Was it Katrine's imagination that made her think the door moved suddenly as by human agency? Had some of the servants been listening? She paused in her talk, and, looking into the hall, saw Quantrelle the Red pa.s.s quickly up the stairs with his daily flower for Madame de Nemours.
"And, believing that Ravenel did not belong to Mr. Ravenel," she continued, "you encouraged him to build the railroad?"
"I neither encouraged nor discouraged that enterprise," Dermott answered. "Fate steered, and did it well."
"And Mrs. Ravenel?" The name, as she spoke it, was a remonstrance.
"Mademoiselle Dulany," Dermott answered, "indeed you've a wrong conception of the matter. There is to be no stage play or newspaper work in the case. It will be quietly adjusted. The Ravenels are not people to permit any publicity. There will be compromises. Mrs. Ravenel, I hope, need never know the facts in the case. There is none need ever know, save Frank."
"You have never liked him, have you, Dermott?" Katrine asked, with directness.
"Never," Dermott answered, with a frankness matching her own.
"Why?"
"Faith, and there are three excellent reasons," Dermott returned, with something of his old manner: "He was himself; I was myself; and a third," he paused, with all the power of his personality in his great gray eyes, "a third," he repeated, "which I hope some time to explain to you at great length, little Katrine."
XX
THE INFLUENCE OF WORK
Of Francis Ravenel at this time much could be written. In the first months of his separation from Katrine, during all of the period of his mother's illness, he remained firm in the intention expressed in the unsent letter to visit her in Paris, ask her forgiveness, and make her a formal offer of marriage. But quick on the heels of his return to New York had followed the railroad business, to which Dermott McDermott's insolence had added new reason for making the enterprise a successful one.

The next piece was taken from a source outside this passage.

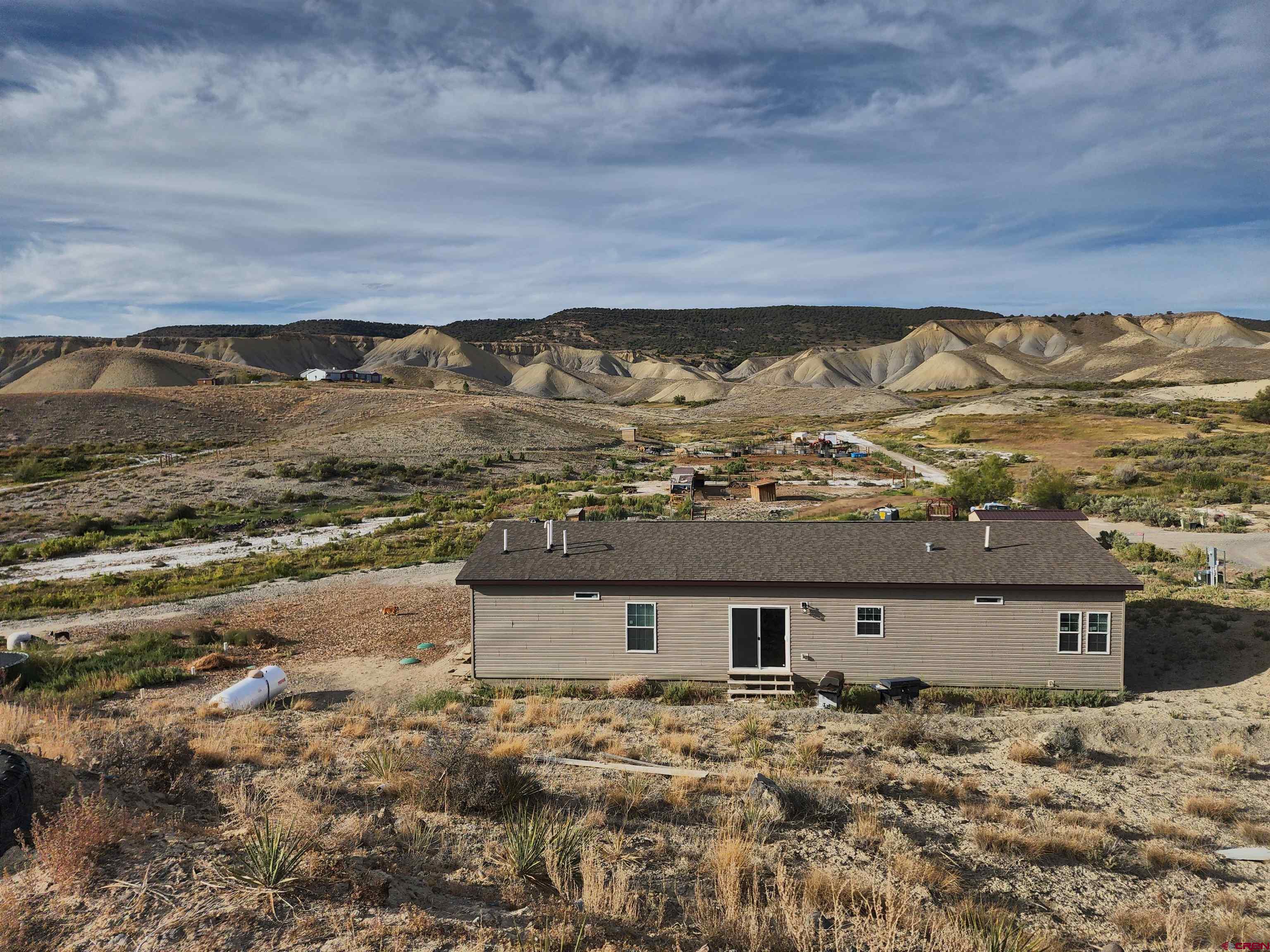 28454 Lampshire Road Hotchkiss, CO 81419 - Photo 4 of 45 a view of house with ocean view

But underneath the several postponements of visiting Katrine, the real cause of them all, in fact, was a fear of the well-merited rebuff which he might receive from her. He understood her pride well; and although he believed that she had not ceased to love him, he doubted if he held her respect, and many times, when instinct bade him go to her, he had recalled the pleading tones of her voice in that last interview, when she had cried: "We may never meet again! Ah, please G.o.d, we may never meet again!"